Wednesday, March 28, 2012

Puzzle Pieces

Several years ago I received a one-thousand piece puzzle as a Christmas gift. It took a couple of weeks to piece together, even with the help of my husband and then very-little kids {who, in reality, didn't help as much as they thought they were}. During the process I had the edges of the puzzle pieced together on the coffee table with all the yet-to-be-fit pieces nearby where I could see them. Sometimes I'd walk past the puzzle and stop long enough to fit one piece in its place. Other times, I'd sit cross-legged on the floor for an hour or more, analyzing the pieces, trying to determine where they fit in the big picture. When I {we} finally finished the puzzle, we could see that it looked exactly like the picture on the cover of the box: a cottage with pink, red and purple flowers blooming all around it. It was no longer a scattered, blurry mess of pieces.

Lately I've been considering that sometimes life is fragmented. I look at all the pieces of my 36.5 years and wonder how they all fit together. Sometimes I wonder how the parts of me from just one day all fit together. To go even further, when I'm being introspective, I wonder how all the parts of me make up a Christian. Just a few days ago, I told someone that anything church-y no longer appeals to me. That's true. However, most of my life has been defined by church-y expectations: attendance, dress, behavior. Breaking free from those expectations has left me feeling a bit like scattered puzzle pieces, and asking this question:

What does the Christian life look like?

The Sunday School short answer is loving God, loving others. While that's true, I need the breakdown. I need to see how body, soul and spirit work together as one instead of separately. I need to determine how a life free of Christianese lives to love God and love others. I need to see how my past, from the time of my first memory all the way to yesterday, fits together. Because, honestly, there are times I think some of those pieces will just never, ever fit in the big, beautiful picture that is supposed to be the end of my life.

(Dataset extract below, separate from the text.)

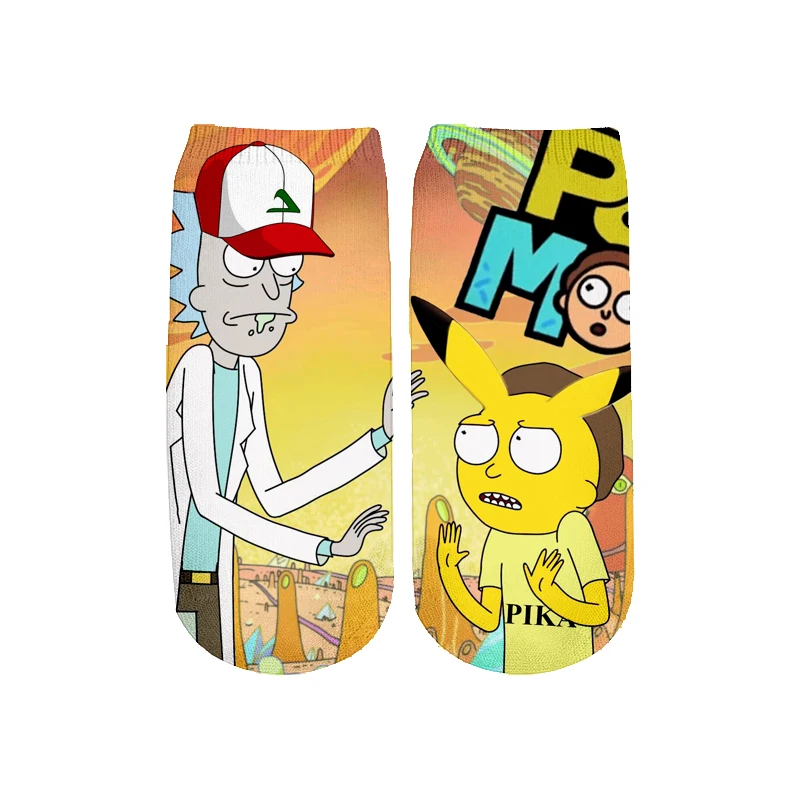 Новейшие Rick and Morty 3D печатных мультфильм милые короткие носки для мужчин женщин harajuku корейские носки RS-011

Serena Woods over at Grace Is For Sinners said in a recent post, "Our past can kill our self-esteem. It kills how big we’ll dream. It reduces how hard we try. You are your story and if you try to bury it, you’ll be too busy trying to segment yourself to do anything else. Everything you do will be hollow." And my heart agrees with her words. Yet, my puzzle pieces are still scattered in a blurry mess.